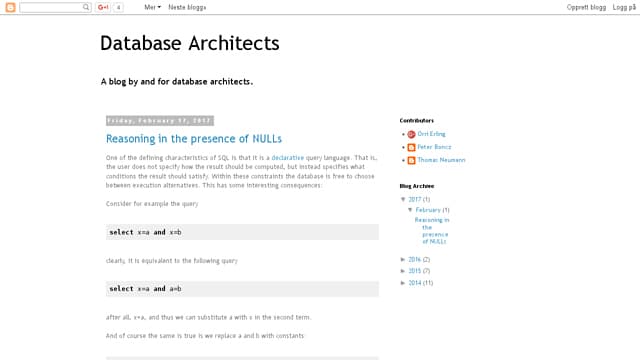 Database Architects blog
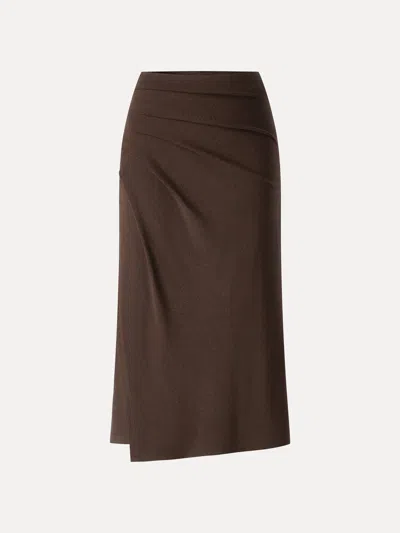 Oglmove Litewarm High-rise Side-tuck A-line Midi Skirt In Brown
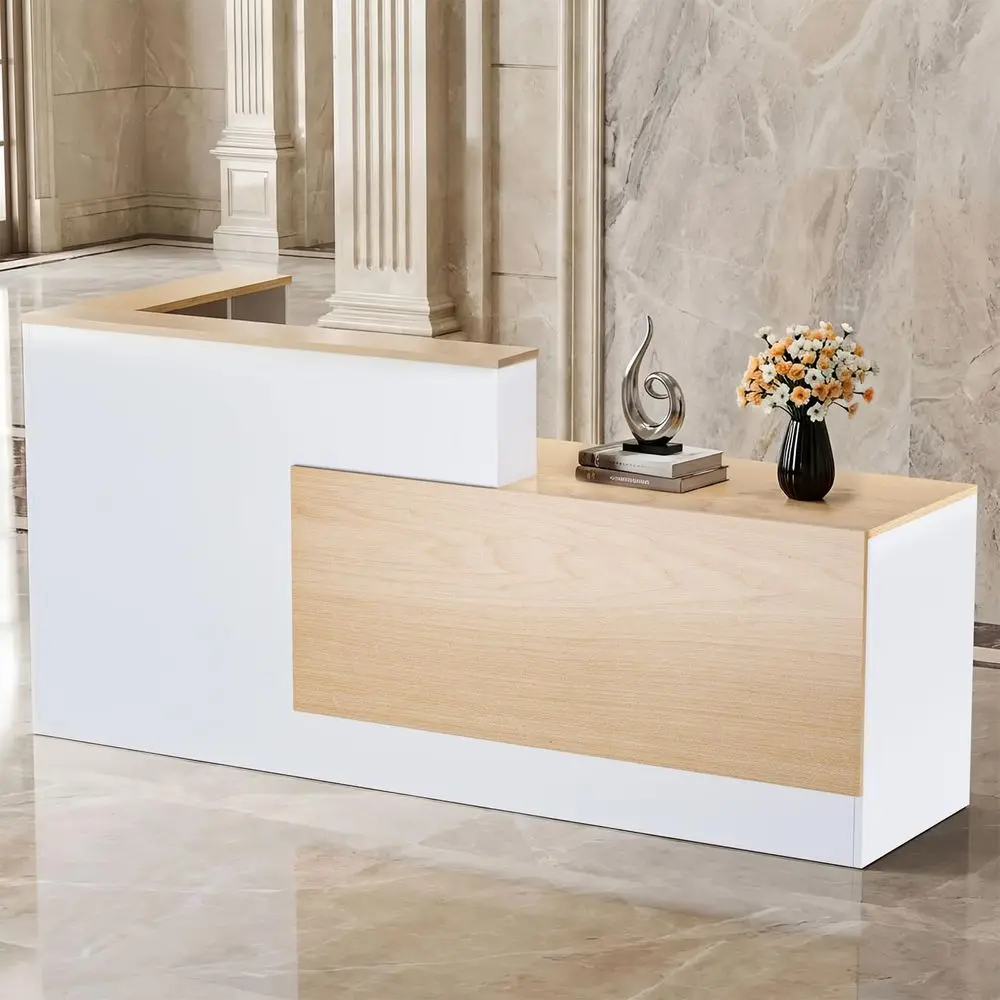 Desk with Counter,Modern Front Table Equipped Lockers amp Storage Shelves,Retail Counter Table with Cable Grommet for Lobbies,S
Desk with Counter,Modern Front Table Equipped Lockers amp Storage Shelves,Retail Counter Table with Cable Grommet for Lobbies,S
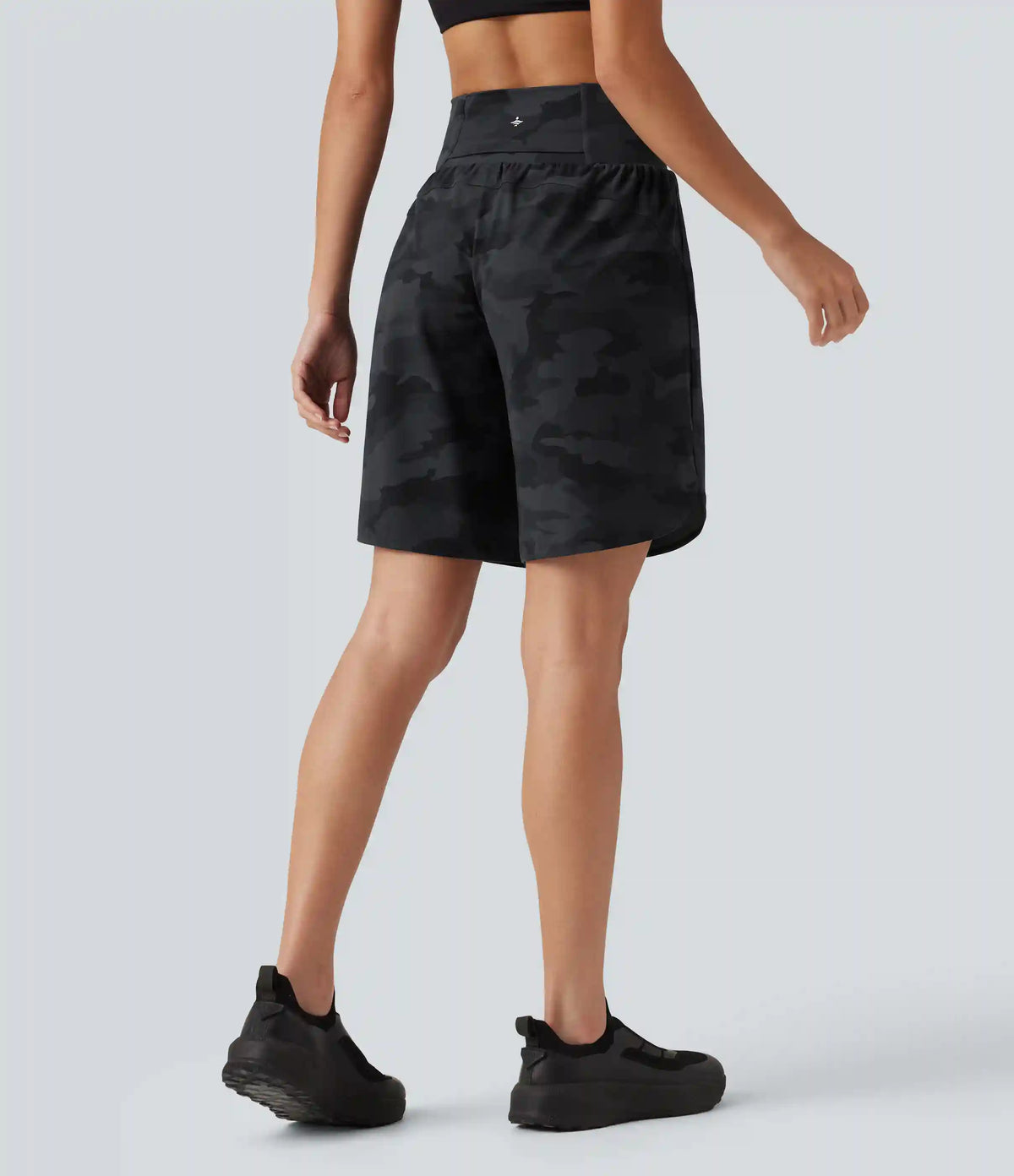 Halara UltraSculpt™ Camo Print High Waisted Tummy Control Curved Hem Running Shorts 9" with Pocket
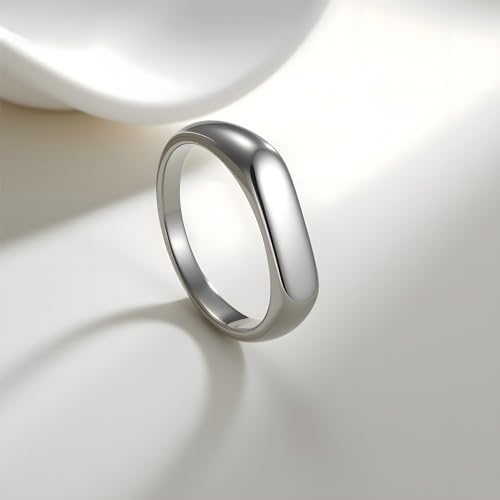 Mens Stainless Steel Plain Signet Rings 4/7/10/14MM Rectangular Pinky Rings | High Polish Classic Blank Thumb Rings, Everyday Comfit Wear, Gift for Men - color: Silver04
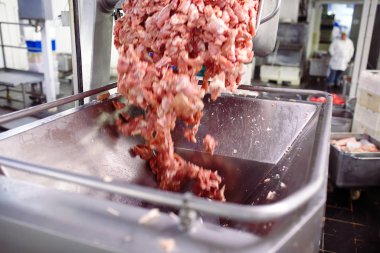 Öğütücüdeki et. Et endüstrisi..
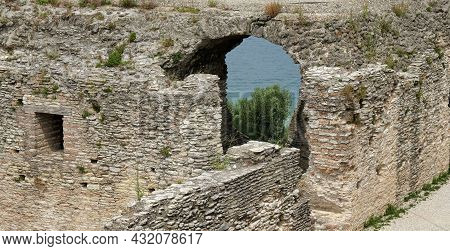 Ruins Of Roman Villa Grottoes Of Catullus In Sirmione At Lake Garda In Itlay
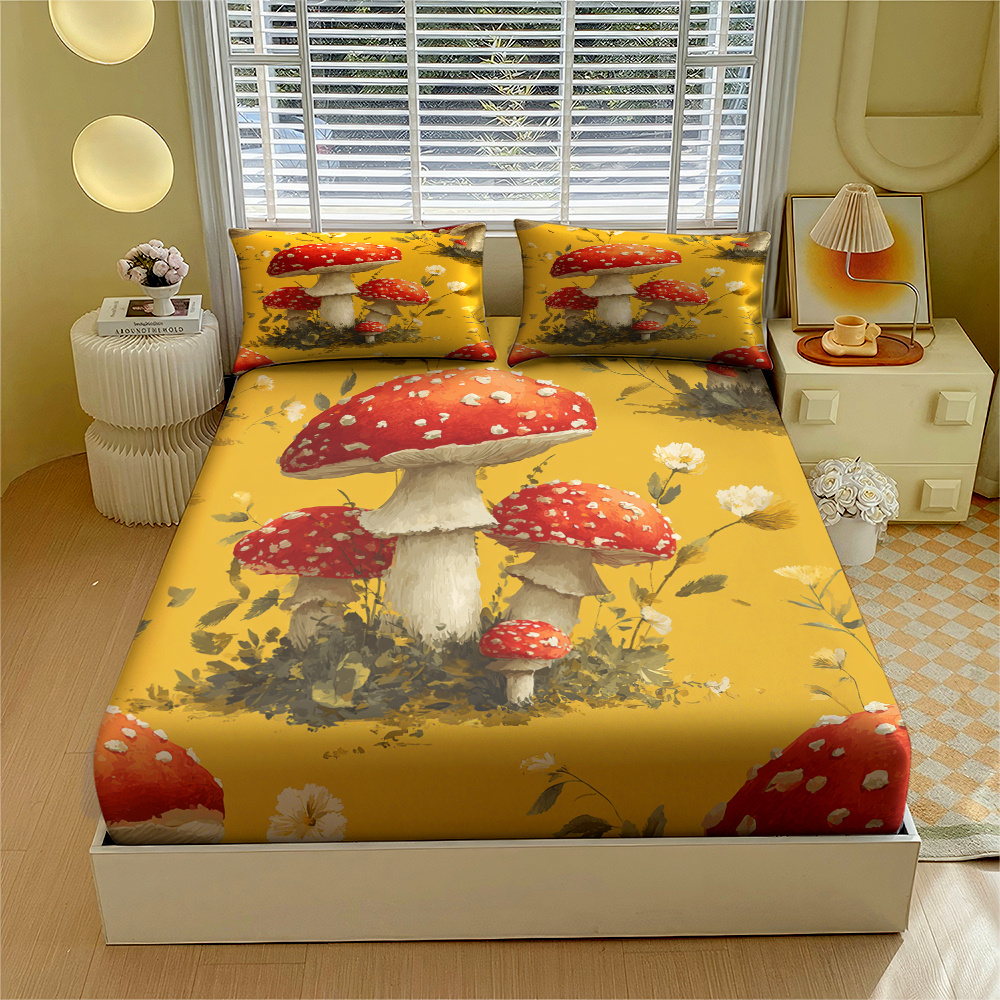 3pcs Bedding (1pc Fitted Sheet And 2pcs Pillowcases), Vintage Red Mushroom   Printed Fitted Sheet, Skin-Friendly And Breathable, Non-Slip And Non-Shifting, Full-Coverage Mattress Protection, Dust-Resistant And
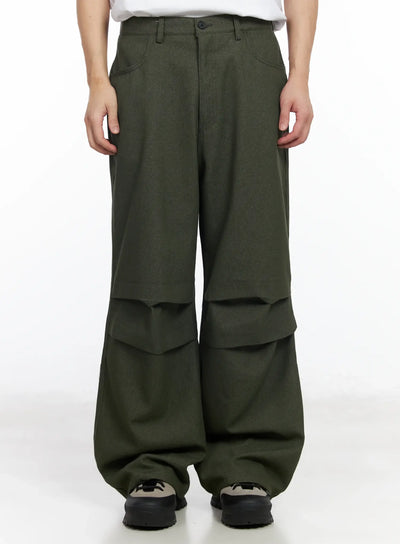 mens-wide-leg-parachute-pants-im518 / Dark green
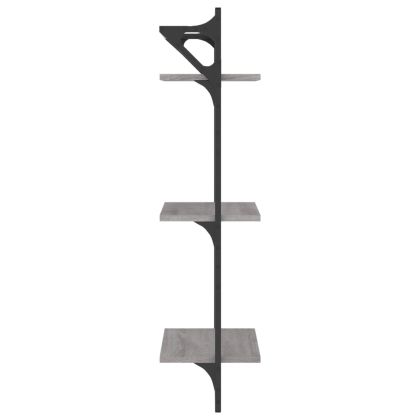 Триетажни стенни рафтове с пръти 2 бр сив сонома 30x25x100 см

__Your task__. Starting with the line that contains "3pcs Bedding (1pc", copy every line word for word through the end of the listing above, but leave out the pictures.

__The answer__.
 3pcs Bedding (1pc Fitted Sheet And 2pcs Pillowcases), Vintage Red Mushroom   Printed Fitted Sheet, Skin-Friendly And Breathable, Non-Slip And Non-Shifting, Full-Coverage Mattress Protection, Dust-Resistant And
 mens-wide-leg-parachute-pants-im518 / Dark green
 Триетажни стенни рафтове с пръти 2 бр сив сонома 30x25x100 см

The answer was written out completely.